Es reconfortante, por otra parte, el acento puesto por Zedillo en la determinación de preservar los derechos humanos de los presuntos delincuentes, que contrasta con las deplorables campañas emprendidas desde algunos sectores de opinión para, aprovechando la justificada exasperación ciudadana, promover el establecimiento de la pena de muerte en el país o presionar para que se acote la vigencia de las garantías individuales establecidas en la Constitución.
Por otra parte, es plenamente compartible el propósito del mandatario de propiciar la participación ciudadana en el restablecimiento de la seguridad pública, así como su señalamiento de que el combate al crimen y a la delincuencia no podrá ser eficaz si no se fortalece y generaliza, entre la ciudadanía, una actitud de firme rechazo ante las violaciones de leyes y reglamentos y ante los infractores.
En lo general, son correctas las vías propuestas por el jefe del Ejecutivo para combatir con más eficacia el crimen y la violencia: mejores leyes, transformación institucional profunda y capacitación de su personal, inversión de mayores recursos económicos, movilización social y aislamiento de los delincuentes de la sociedad.
Sin embargo, no puede olvidarse que los caldos de cultivo y las raíces profundas del incremento delictivo se encuentran, en buena medida, en los procesos de desintegración social y familiar generados, a su vez, por un entorno económico que ha golpeado durísimamente a las mayorías del país.
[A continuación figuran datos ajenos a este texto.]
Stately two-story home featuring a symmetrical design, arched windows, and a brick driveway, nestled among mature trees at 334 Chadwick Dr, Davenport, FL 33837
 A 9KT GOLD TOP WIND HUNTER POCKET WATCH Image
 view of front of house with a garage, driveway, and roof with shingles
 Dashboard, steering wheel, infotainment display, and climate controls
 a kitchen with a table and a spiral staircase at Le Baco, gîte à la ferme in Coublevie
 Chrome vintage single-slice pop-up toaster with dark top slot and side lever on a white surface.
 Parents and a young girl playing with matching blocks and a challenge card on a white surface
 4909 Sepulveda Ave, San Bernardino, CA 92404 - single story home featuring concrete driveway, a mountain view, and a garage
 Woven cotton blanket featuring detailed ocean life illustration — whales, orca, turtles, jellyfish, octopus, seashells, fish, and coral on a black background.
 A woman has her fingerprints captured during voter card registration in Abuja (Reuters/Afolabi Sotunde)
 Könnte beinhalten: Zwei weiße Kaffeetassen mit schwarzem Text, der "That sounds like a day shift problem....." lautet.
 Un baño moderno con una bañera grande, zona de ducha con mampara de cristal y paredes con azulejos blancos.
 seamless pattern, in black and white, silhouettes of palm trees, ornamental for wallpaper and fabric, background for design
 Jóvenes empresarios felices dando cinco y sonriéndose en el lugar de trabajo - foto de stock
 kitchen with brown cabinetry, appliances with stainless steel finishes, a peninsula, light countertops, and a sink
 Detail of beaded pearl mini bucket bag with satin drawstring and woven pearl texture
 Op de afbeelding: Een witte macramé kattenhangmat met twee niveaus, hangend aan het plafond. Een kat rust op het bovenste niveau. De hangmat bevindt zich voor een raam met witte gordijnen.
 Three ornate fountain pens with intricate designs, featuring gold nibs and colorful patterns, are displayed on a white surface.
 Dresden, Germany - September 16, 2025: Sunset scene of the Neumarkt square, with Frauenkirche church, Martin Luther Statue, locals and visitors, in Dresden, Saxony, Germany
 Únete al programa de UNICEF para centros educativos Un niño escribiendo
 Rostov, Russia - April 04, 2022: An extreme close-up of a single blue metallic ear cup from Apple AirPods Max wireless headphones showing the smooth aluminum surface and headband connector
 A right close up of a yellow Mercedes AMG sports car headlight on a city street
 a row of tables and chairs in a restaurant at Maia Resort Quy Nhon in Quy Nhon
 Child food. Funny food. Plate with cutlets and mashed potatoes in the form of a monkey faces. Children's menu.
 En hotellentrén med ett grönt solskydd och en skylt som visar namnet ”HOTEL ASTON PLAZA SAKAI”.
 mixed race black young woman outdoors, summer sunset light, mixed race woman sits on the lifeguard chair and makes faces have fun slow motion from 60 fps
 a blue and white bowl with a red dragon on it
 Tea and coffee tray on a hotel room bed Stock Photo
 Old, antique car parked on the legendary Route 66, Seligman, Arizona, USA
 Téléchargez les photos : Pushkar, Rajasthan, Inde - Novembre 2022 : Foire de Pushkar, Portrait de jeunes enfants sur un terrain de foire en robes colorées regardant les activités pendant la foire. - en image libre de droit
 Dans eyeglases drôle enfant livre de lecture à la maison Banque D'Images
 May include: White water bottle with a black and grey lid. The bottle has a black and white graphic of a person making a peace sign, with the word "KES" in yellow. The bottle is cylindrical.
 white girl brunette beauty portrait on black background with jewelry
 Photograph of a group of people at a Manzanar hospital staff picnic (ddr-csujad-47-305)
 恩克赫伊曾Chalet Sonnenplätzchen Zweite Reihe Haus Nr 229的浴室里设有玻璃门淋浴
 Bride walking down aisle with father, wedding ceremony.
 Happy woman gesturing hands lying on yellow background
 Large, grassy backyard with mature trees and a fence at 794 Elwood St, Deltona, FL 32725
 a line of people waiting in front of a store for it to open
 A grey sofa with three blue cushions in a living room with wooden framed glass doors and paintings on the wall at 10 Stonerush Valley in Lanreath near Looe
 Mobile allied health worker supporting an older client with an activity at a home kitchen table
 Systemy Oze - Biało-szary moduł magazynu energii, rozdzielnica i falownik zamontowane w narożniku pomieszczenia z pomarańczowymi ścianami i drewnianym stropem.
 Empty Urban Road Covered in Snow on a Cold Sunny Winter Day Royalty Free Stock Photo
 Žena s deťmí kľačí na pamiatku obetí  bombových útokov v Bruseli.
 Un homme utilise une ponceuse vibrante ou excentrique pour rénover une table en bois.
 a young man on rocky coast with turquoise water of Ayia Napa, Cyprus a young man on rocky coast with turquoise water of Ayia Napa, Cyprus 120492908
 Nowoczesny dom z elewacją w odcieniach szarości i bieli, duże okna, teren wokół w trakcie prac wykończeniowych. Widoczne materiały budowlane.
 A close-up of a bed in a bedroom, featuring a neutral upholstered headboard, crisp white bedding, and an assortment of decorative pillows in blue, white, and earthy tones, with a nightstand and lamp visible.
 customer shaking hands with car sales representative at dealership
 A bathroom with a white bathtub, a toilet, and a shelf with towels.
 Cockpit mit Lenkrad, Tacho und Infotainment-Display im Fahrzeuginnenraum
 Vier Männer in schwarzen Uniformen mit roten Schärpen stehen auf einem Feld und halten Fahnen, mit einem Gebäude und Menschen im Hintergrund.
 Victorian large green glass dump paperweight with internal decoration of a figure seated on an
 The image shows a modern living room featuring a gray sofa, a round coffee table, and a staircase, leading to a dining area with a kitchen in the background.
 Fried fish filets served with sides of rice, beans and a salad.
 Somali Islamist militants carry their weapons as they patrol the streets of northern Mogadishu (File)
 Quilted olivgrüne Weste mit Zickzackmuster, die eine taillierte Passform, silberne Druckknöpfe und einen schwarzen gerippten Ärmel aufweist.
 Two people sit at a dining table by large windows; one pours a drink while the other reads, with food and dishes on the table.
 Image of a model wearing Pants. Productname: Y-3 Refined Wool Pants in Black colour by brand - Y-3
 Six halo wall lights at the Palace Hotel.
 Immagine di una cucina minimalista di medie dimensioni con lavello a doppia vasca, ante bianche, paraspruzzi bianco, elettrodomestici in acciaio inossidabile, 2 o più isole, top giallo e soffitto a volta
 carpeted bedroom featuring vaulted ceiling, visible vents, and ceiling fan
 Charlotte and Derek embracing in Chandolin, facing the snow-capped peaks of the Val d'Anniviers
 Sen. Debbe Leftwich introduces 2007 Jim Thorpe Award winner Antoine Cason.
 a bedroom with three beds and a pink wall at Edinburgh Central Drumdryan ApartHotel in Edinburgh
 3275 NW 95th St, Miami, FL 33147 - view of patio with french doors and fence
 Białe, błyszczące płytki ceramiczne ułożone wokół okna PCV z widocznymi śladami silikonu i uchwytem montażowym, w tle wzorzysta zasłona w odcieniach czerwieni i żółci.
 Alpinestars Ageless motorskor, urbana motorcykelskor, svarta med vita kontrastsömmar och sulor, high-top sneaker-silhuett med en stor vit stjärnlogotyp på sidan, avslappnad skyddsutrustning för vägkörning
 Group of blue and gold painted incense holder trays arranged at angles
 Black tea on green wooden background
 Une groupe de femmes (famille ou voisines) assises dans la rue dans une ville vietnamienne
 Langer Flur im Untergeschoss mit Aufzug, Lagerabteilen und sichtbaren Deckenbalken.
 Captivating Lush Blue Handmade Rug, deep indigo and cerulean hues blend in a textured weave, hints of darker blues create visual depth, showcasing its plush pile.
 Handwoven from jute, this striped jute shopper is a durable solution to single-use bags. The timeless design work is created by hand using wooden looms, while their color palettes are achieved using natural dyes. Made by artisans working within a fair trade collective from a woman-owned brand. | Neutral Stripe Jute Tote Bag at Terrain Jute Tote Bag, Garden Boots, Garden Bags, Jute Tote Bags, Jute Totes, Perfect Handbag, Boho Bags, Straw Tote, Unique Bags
La caída generalizada de los niveles de vida, el severo deterioro de las condiciones de alimentación, vivienda, educación, salud, vestido y transporte, así como el grave desempleo real --mucho más abultado que el desempleo estadístico--, así como la persistencia de condiciones de marginación y opresión en diversas regiones del país han sido, sin duda, factores nodales en el alarmante crecimiento de la delincuencia y la violencia en el país.
Por ello, en el espíritu de hacer frente a la criminalidad, es indispensable también proponer acciones concretas para revertir los terribles costos sociales que han dejado, en los últimos tres lustros, la implantación del modelo económico actualmente vigente y las crisis económicas y financieras padecidas en ese periodo.